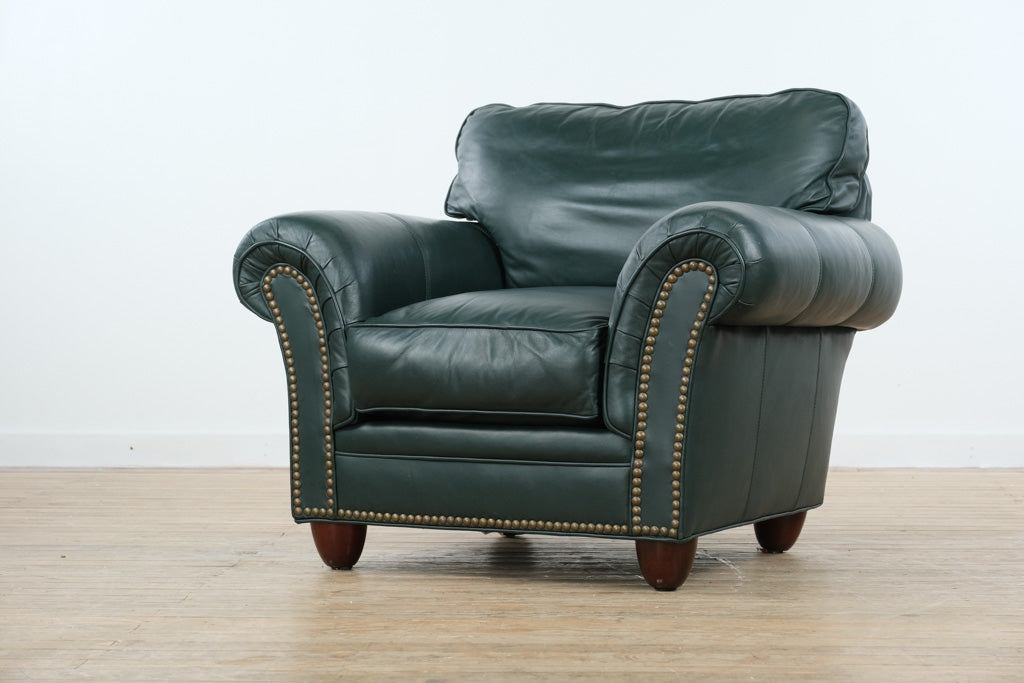 Hunter Green Leather Arm Chair – Classic Leather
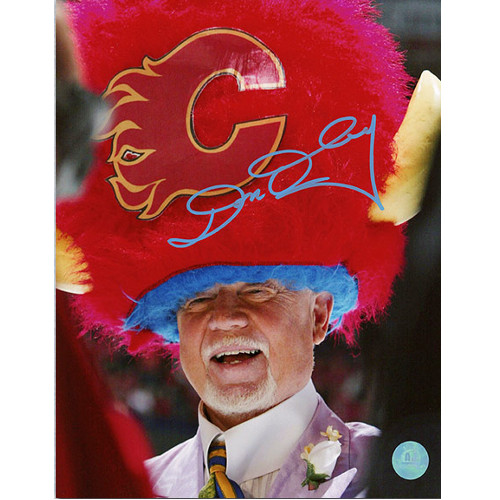 Don Cherry Calgary Flames Autographed Poofy Hat 8x10 Photo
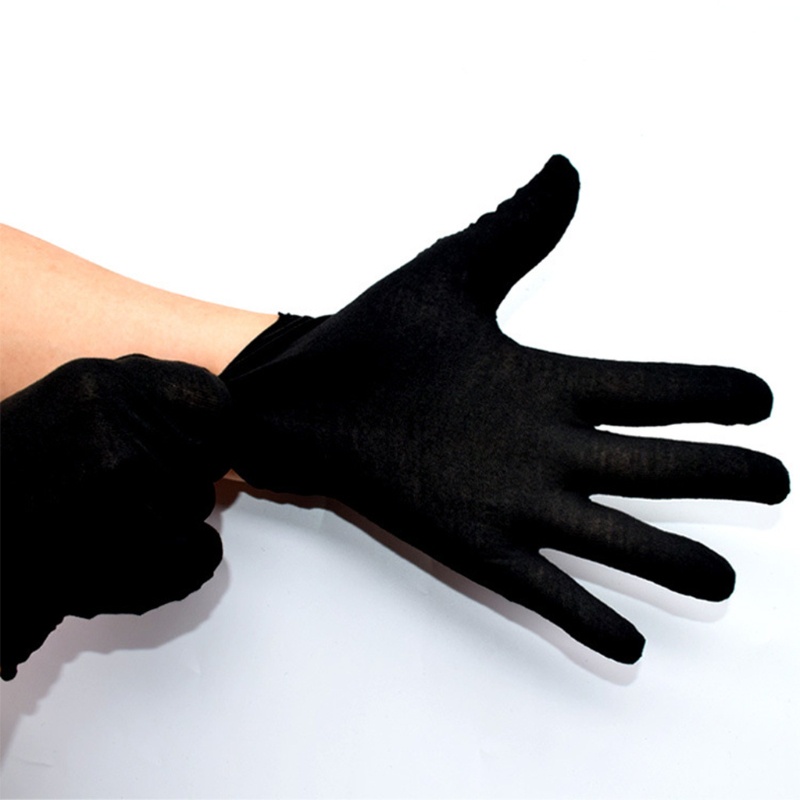 Bộ 12 đôi găng tay xỏ đủ ngón bằng cotton mềm mại màu đen có thể co giãn dùng cầm đồ trang sức/ hóa trang Halloween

-=-=-

TRY IT
Without any pictures, write out the lines running from the one containing "Don Cherry Calgary" through the end of the listing above, both included, exactly as given.

SOLUTION FOR THIS PROBLEM
 Don Cherry Calgary Flames Autographed Poofy Hat 8x10 Photo
 Bộ 12 đôi găng tay xỏ đủ ngón bằng cotton mềm mại màu đen có thể co giãn dùng cầm đồ trang sức/ hóa trang Halloween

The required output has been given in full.